You have a direct relationship. Is that working out for you?
I appreciate the ability to do business directly with FM Global. For the way we at Tenaska operate, that’s a preferred way of doing business. We are able to deal with our account executives and the account engineers directly, and so we have good, open conversations. If we have an issue, we are able to take that issue all the way up through management if necessary. To that end, we are able to resolve these issues to the satisfaction of both parties. I deal with my client service team daily. We have 15 locations around the country, so there’s always some issue, something going on at one of the plants, and so we talk daily. If there’s something on their side that they need to deal with, I have no problem with them calling me to work through the issue in a constructive manner.

Tenaska Imperial South is the first time you’ve worked with FM Global on a builder’s risk construction project. Has it been successful?
This is actually the first project that Tenaska has constructed in the last six or seven years. When we came to FM Global, we had several other projects already under construction with other carriers. So this is the first opportunity for us to work on a builder’s risk opportunity with FM Global, and it’s been great. They provide 100 percent of the capacity we need for all of our perils. The builder’s risk form is virtually identical to the property policy that we’ve had in place for nearly 10 years.

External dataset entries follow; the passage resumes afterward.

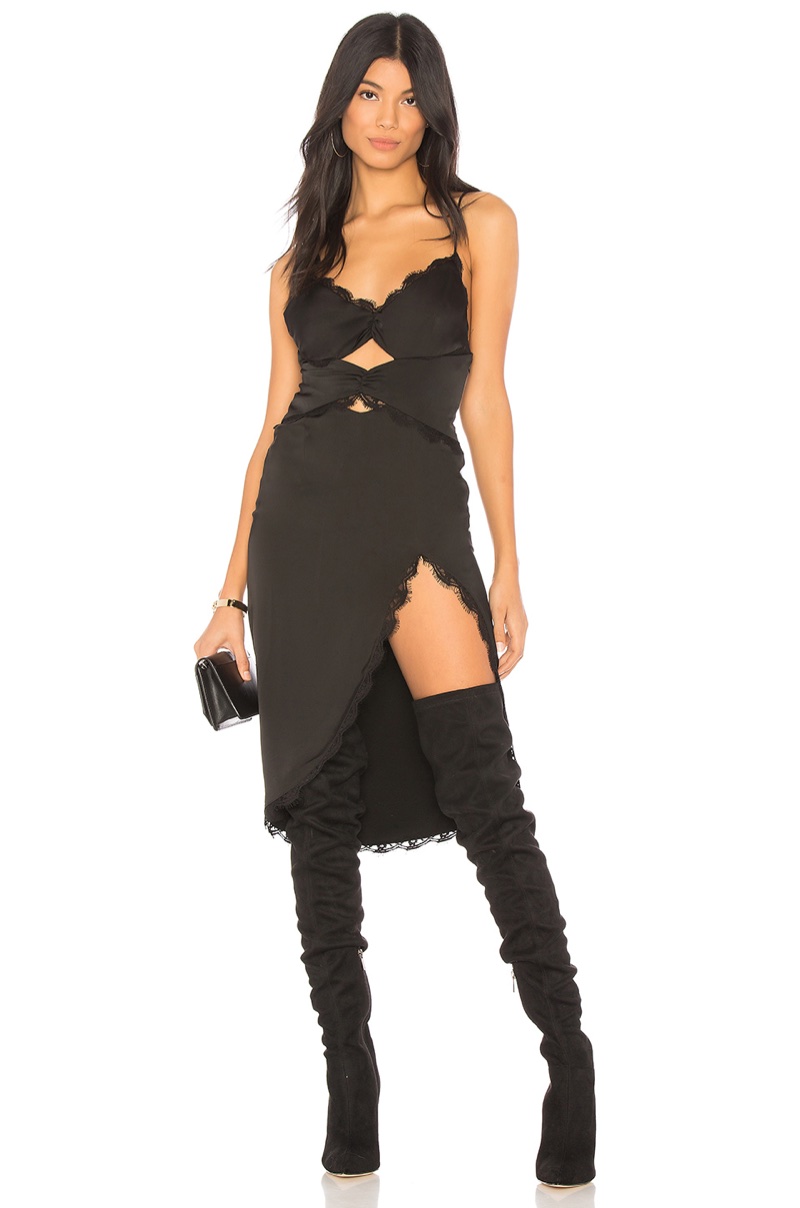 Chrissy Teigen x REVOLVE Luna Slip Dress $200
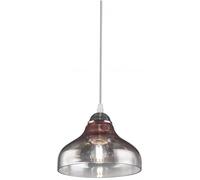 GTV Marite lampada sospesa 1x40 W nero-trasparente OS-MARI-10-DEC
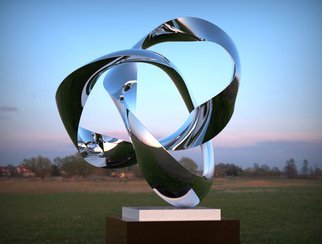 Paul Wesson: 'forever cycle 2', 2014 Steel Sculpture, Circus. Stainless Steel Eternal Loop Contemporary Sculpture. Mobius Loop Abstract Sculpture in Stainless Steel, best for outdoor display, garden, yard etc. For sale by it s creator the brilliant professor of sculpture Paul Wesson. ...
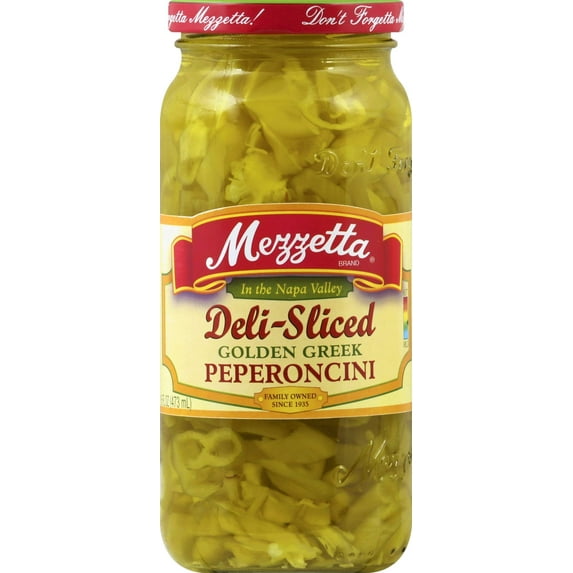 G L Mezzetta Peppers, Gld Gr Slc Pprnc, 16-Ounce (Pack of 6)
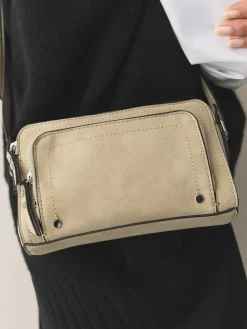 - Double Zip Cross-Body Faux Suede Bag*Next Discount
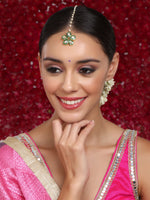 Thumbnail for Meenakari Maang Tikka - Ruby Raang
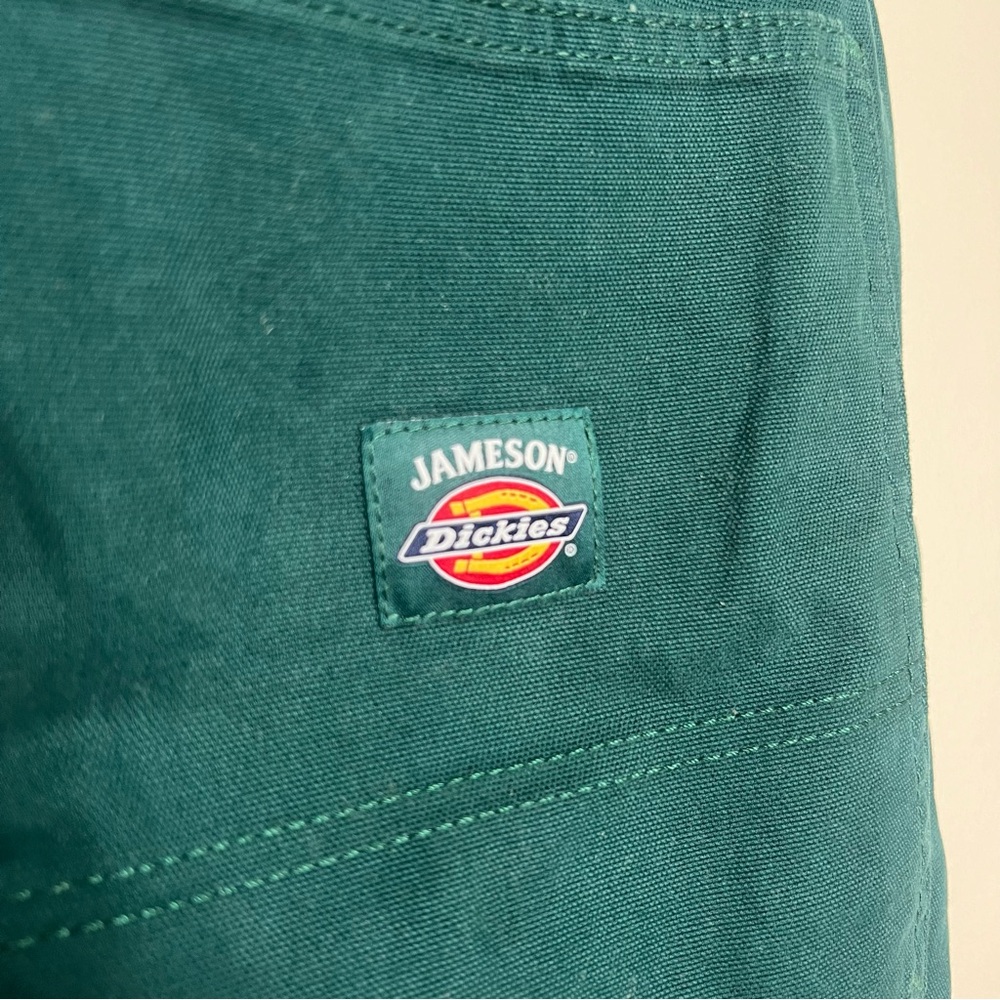 Dickies x Jameson whisky collab double knee bar pants 34x34 in green RARE!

We have FM Global’s input in terms of certain design features and of various aspects of the facility, so we’ve utilized more resources within FM Global than we have in the past. We really look forward to bringing this plant into commercial operation and moving it into our operational property policy.

Working together with FM Global has been easy and seamless. We’ve been able to bring them out to the site to show them exactly what we’re doing. They’ve asked us questions along the way, and we’ve been able to provide them the data they’ve requested. I believe it’s been a great learning experience for both of us, and just a really positive experience all the way around.